Shannon’s Rick Carver is the devil in a white linen jacket, ruthless mortgage broker skulking around central Florida evicting people from their foreclosed homes. His unwilling accomplice becomes a young construction worker, Dennis Nash (Andrew Garfield), who has his home taken by Carver in a scene of extraordinarily emotionally charged filmmaking in which Bahrani’s neo-realism roots are on full, squirm-inducing display. The sequence is not trumped up and the tragedy is not built to or belabored; it just happens, swiftly. One minute, it’s the home Dennis and his young son (Noah Lomax) and mother (Laura Dern) have lived in all their lives. The next, everything they own is out on the curb. The casual callousness in Carver’s voice - "It's not your home, son" - is terrifying, mirroring the helplessness of the Nash family, made that much more helpless by their standard-issue pleas of how the whole thing must be a mix-up. By starting this scene with Carver and then segueing to the Nash’s, we see it as much through Carver’s eyes, which makes Nash’s pleas sound as empty to our ears as they do to his. These are the things everyone says. Carver hardly even hears them.

The Nash’s are forced to move to a kind of modern shantytown, an apartment complex strewn with other poor souls on whom the evil bank foreclosed, unable to find a way out with no cash and no credit. Dennis not only needs to get his family out, he needs to get his family back to their family home, and this becomes a lesson “99 Homes” imparts with impressively clear eyes. Carvel councils his young charge not to view that home of so much history through any kind of nostalgic lens because in this world, every home is just a box. “Small boxes and large boxes.” That’s it. Either they make you money or lose all you have.

Sensing a work ethic in Dennis, or, more likely, an acute desperation which he could exploit, Carver brings the young father into his business, showing him the ropes and giving him increasing amounts of responsibility. Before long, Dennis is going to other people’s homes and foreclosing on them, becoming the same sort of person he wanted so desperately to beat to a pulp. Perhaps the parallels between good Dennis and evil Dennis are on the nose, but the point Bahrani draws out of these encounters and Dennis’s newfound cash inflow and sense of purpose are no less effective. In the view of “99 Homes” the middle class is slowly being squeezed out, leaving only rich or poor, no in-between, and you gotta pick side.

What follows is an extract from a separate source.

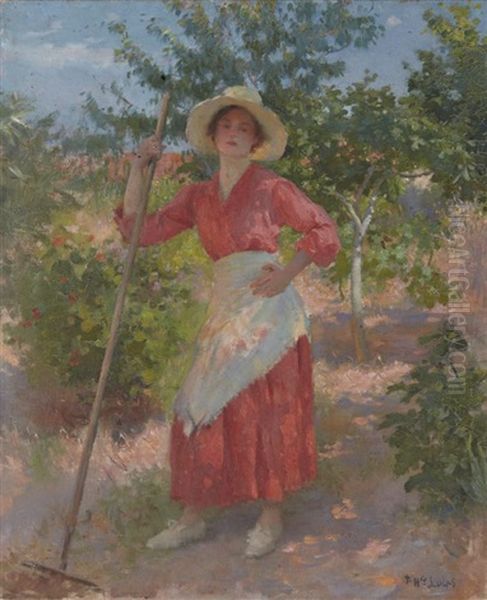 Jeune Femme Au Jardin Oil Painting by Marie Felix Hippolyte-Lucas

This is the real message delivered by Carver. At first, he might seem a simple villain, vaping, dressed to the nines. But then he dispassionately delivers an impassioned speech, revealing that his roots, in construction and roofing, were no different than Nash’s, and upon realizing America was trending toward giving up on his kind, Carver made the choice not to get left behind. And while Garfield does fine work, effectively evincing a man who seems to be in quicksand every moment of the day, even when he's making good, selling his soul even as he reaches the point where he can finally buy back his home, it is Shannon’s gripping turn, effusing a nasty faith in Darwinism, that epitomizes “99 Homes” and the place where this strange new millennium America has found itself.

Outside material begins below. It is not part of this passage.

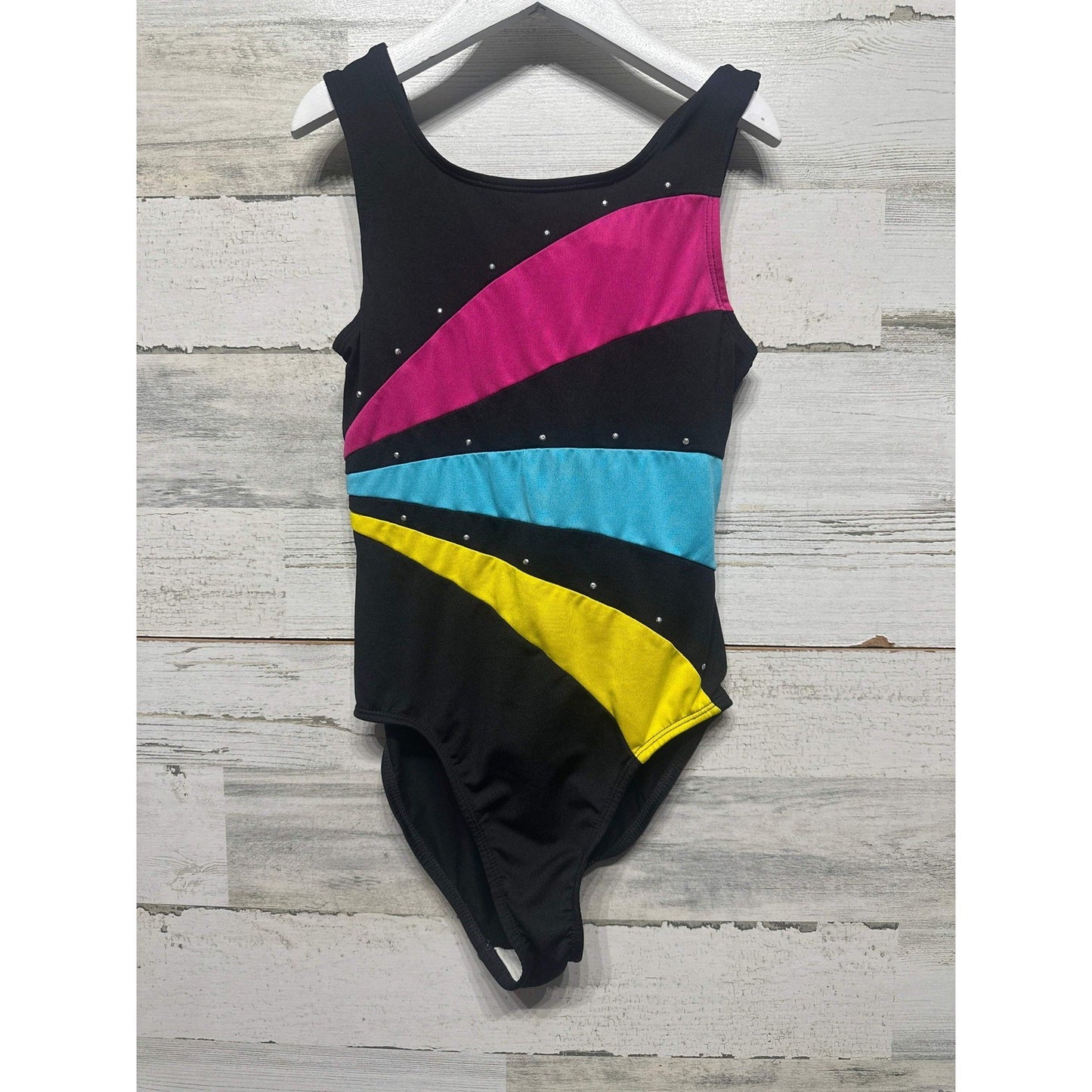 Moret Active Leotard Girls 8-10 Black Pink Blue Rhinestone Colorblock EUC0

Still, even that isn’t so simple, and “99 Homes”, its narrative wrap-up perhaps a bit too neat, working a little too much like literary clockwork, provides an obvious reckoning for Carver that winds up not being so obvious at all. Shannon does not play it enraged; he plays it...relieved. Deep down, a heart beats still. The truth sets him free. Though Bahrani views the world in the context of “99 Homes” as incredibly black and white, he also does not see this as an excuse for unethical behavior, which fashions a dilemma that seems practically unsolvable. Perhaps in a world where morals have run amok in the name of more (and more) money, all you can hope to achieve in the end is a clear conscience.